Quelle est la fréquence de publication idéale ?
Vous trouverez toutes sortes de conseils sur la fréquence de publication. Certains blogueurs jurent par le rythme quotidien, d’autres par deux articles hebdomadaires. De mon expérience, la fréquence idéale est celle que vous pouvez tenir sans sacrifier votre qualité de vie. La régularité, même modeste, construit une habitude chez vos lecteurs. Un blog mis à jour toutes les deux semaines est préférable à un blog qui publie trois articles une semaine, puis plus rien pendant un mois.
J’ai moi-même testé la publication quotidienne pendant deux mois, histoire de voir. Franchement, c’était épuisant, et la qualité de mes textes a fini par en pâtir. Je suis revenu à deux articles par semaine, et mes métriques de trafic ont grimpé. Raison simple : chaque article était plus réfléchi, mieux documenté, et avait plus de chances de se positionner sur des requêtes précises.
Comment le blogging s’articule-t-il avec le SEO et votre audience ?
Essayer de séparer le blogging du SEO, c’est comme vouloir séparer les roues d’une voiture de son moteur. Ça peut exister, mais ça ne vous mènera nulle part. Chaque article de blog est une page d’atterrissage potentielle pour un visiteur venu de Google. C’est la raison pour laquelle la recherche de mots-clés doit précéder la rédaction. Vous ne devriez pas vous demander « de quoi ai-je envie de parler ? », mais plutôt « quelles sont les questions que se posent mes clients potentiels ? ».

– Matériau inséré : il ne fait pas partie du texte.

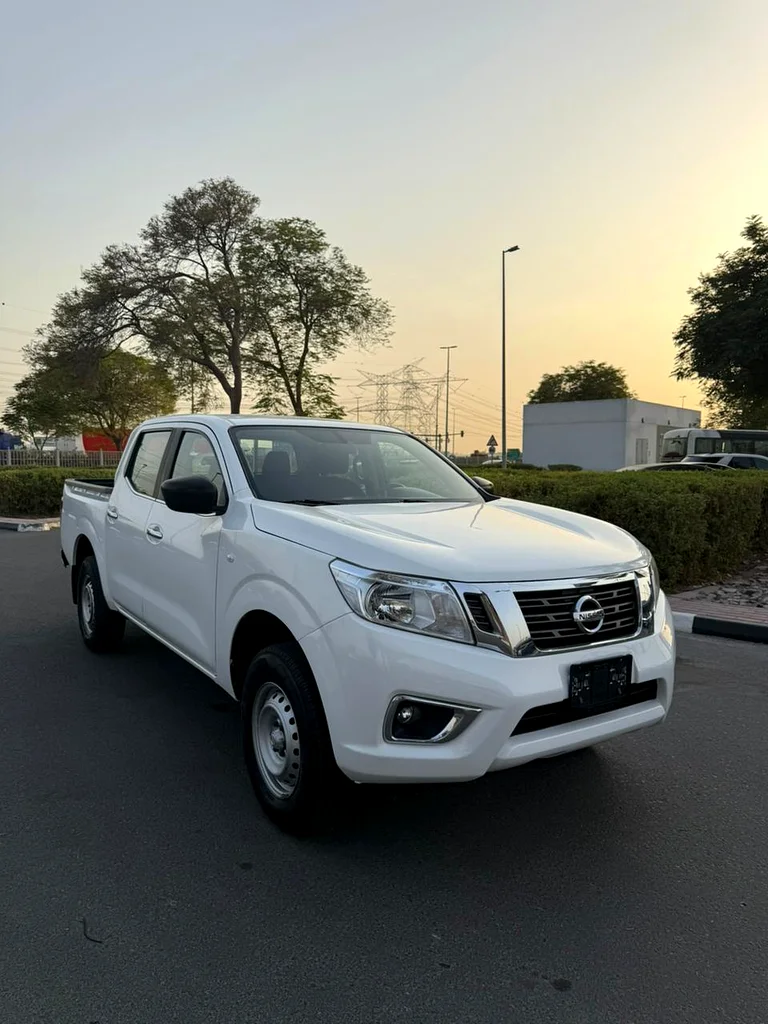 Nissan Navara SE 2022 Gcc Specs 2WD Automatic transmission63399958967043112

L’évolution récente du SEO a également mis l’accent sur l’intention de recherche. Dans le mot-clé, on distingue les recherches informationnelles (l’utilisateur veut apprendre), transactionnelles (il veut acheter) et navigationnelles (il cherche un site précis). Un blog bien pensé couvre les trois étapes de l’entonnoir. Mais pour les entreprises, je recommande de commencer par des articles informationnels. Ils attirent plus de trafic, et permettent de construire une relation de confiance avant de proposer quoi que ce soit.
Du journal intime au métier à part entière
Le blogging a fait une sacrée mue. Passer d’un « journal intime » à un outil marketing pour les marques et à un potentiel business pour les indépendants n’a pas été un simple ajustement. Cela a changé la nature même de la pratique. Désormais, un blog bien géré est un actif financier. Et un actif qui ne dort jamais.

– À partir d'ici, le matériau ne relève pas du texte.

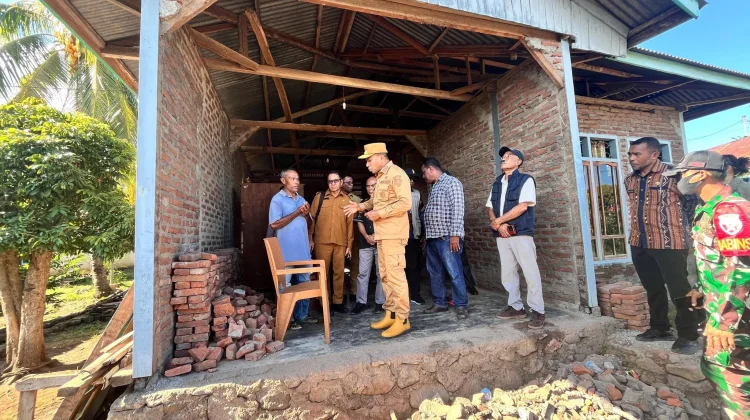 Wakil Gubernur NTT Tinjau Korban Gempa Flores Timur, Salurkan Bantuan di Empat Desa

En parallèle, l’arrivée des plateformes comme Medium ou Substack a créé une nouvelle catégorie de blogueurs : ceux qui écrivent sans posséder leur site. C’est un compromis intéressant pour démarrer, car la plateforme apporte un trafic potentiel. Mais je reste fidèle à l’idée qu’un blogueur sérieux doit à terme posséder son domaine. C’est une liberté que rien ne remplace.

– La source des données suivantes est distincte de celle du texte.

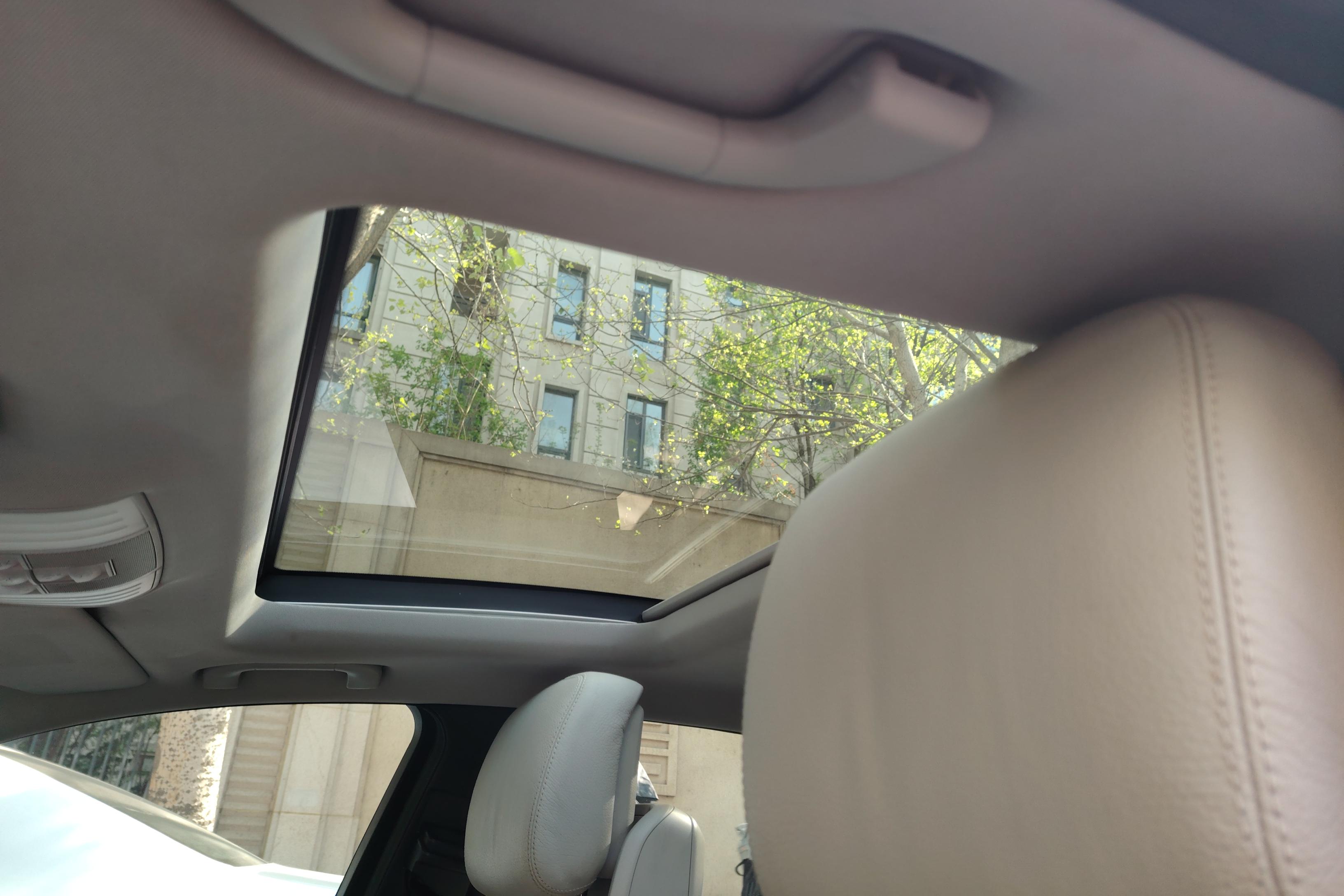 奔驰E级 E300 [进口] 2010款 3.0L 自动 汽油 优雅豪华型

Quant à ceux qui se demandent si le blogging est mort, je les invite à regarder les chiffres des blogs d’entreprise qui génèrent des leads chaque mois. Le format a changé, on n’écrit plus comme en 2005. Le principe reste, lui, désespérément efficace : prendre position. Raconter une histoire. Échanger avec ses lecteurs. Et surtout, ne pas attendre la permission de publier.
Alors, posez-vous la vraie question : avez-vous quelque chose à dire, ou voulez-vous simplement exister en ligne ? Si c’est la première option, le blogging reste, à mon sens, l’un des meilleurs moyens de transformer cette envie en un levier durable. Si c’est la seconde, il existe des moyens plus rapides. Mais ils vous appartiendront rarement. Sur votre blog, c’est vous le rédacteur en chef. C’est peut-être ça, la plus belle des libertés. Et c’est celle qui mérite encore qu’on y passe du temps, même en 2026.